Sendo que outra das obrigações que sobre si impende é a de entregar imediatamente ao fiduciário, quando por si recebida, a parte dos seus rendimentos objecto de cessão.

Ora, o que sucedeu in casu foi que o devedor – aqui recorrente – incumpriu a obrigação de entrega da totalidade dos rendimentos que obteve do seu trabalho, sem que tal não entrega se mostre justificada.

Assim, impõe-se concluir que, sem motivo razoável, foi o devedor que incumpriu as obrigações a que estava adstrito, o que motiva que a exoneração seja recusada, como decorre do disposto na 2.ª parte do n.º 3, do artigo 243.º, do CIRE, sendo, por isso, de manter a decisão recorrida.
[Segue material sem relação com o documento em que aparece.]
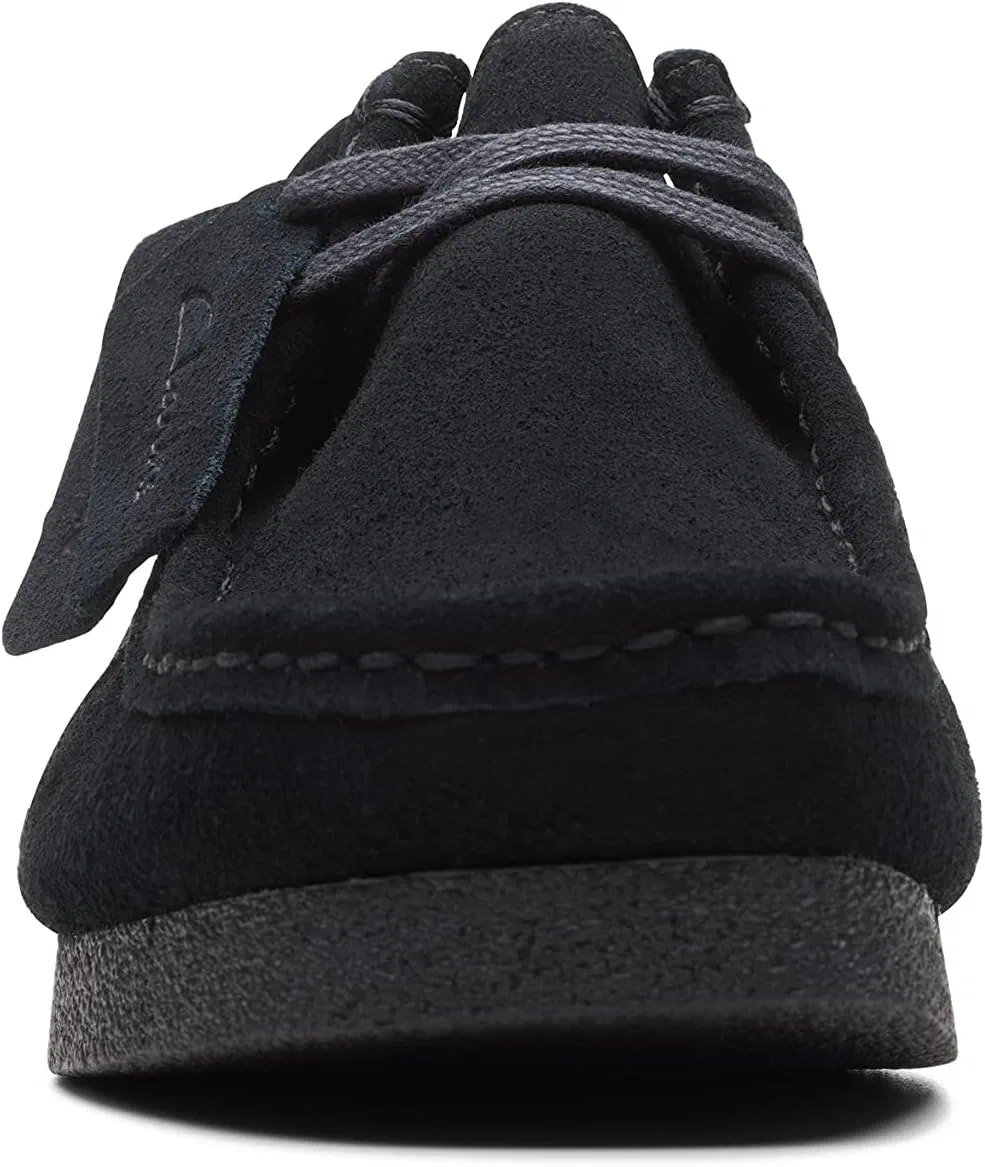 Туфли Clarks Originals Men's Wallabee Evo Suede, Dark Sand Suede — фото 2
Como é óbvio, não tendo o ora recorrente entregue ao Fiduciário a totalidade das quantias a que estava adstrito, contrariamente ao que deveria fazer, com isso prejudica a satisfação, ainda que parcial, dos créditos da insolvência, com isso prejudicando os seus credores – cf. artigo 243.º, n.º 1, al. a), in fine do CIRE, o que impõe a manutenção da decisão recorrida, por conforme com os preceitos legais aplicáveis, como resulta do excerto que se passa a transcrever, que reafirma o antes exposto e com o que, por isso, se concorda:

“Ora, ao devedor advieram ao longo de 2017 e janeiro de 2018 rendimentos no valor de € 22.428,72 (€ 20.391,67 + € 2.037,05), pelo que deveria ter cedido € 7.900,72, e apenas cedeu € 4.480,54, estando por isso em falta o montante de € 3.420,18.

Justifica o devedor a diferença entre os valores mensais efetivamente cedidos e o montante que excede os dois salários mínimos nacionais invocando, como vimos, que no despacho que fixou a medida do rendimento indisponível que apenas se determinou a cessão da totalidade da quantia auferida a título de subsídio de férias, mas já não da auferida a título de subsídio de Natal, que assim se deve considerar excluída da cessão.

Salvo o devido respeito, o despacho em causa não comporta a pretendida interpretação, no sentido de prever, ou sequer permitir, a exclusão dos valores auferidos a título de subsídio de Natal do rendimento disponível do devedor. Com efeito, o dito despacho limitou-se a determinar, em complemento do despacho de admissão liminar do procedimento, a medida concreta do rendimento disponível, para além da qual todos os rendimentos que o devedor viesse a auferir, a qualquer título, deveriam ser objeto de cessão.

É certo que na respetiva fundamentação se mencionou que, com aquela medida, se permitia a cessão da totalidade da quantia auferida a título de subsídio de férias, nada se mencionando quanto ao subsídio de Natal. Porém, a menção ao subsídio de férias deve-se apenas ao facto de este, ao contrário do subsídio de Natal, não estar a ser pago ao devedor em duodécimos. O subsídio de Natal, sendo pago em duodécimos, incorporava-se no vencimento mensal líquido, de cerca de € 1.680,00, tido em consideração pelo devedor quando requereu a fixação da medida do rendimento disponível em € 1.000,00 de modo a permitir que os credores ficassem «com um rendimento disponível de € 680,00». Apenas com esse fundamento se compreende a parte do aludido despacho em que se menciona que, ao deferir-se a pretensão do devedor, se «permitirá a cessão aos credores de um montante mensal de € 680,00, superior a 1/3 dos seus rendimentos mensais, e ainda a cessão da totalidade da quantia auferida a título de subsídio de férias».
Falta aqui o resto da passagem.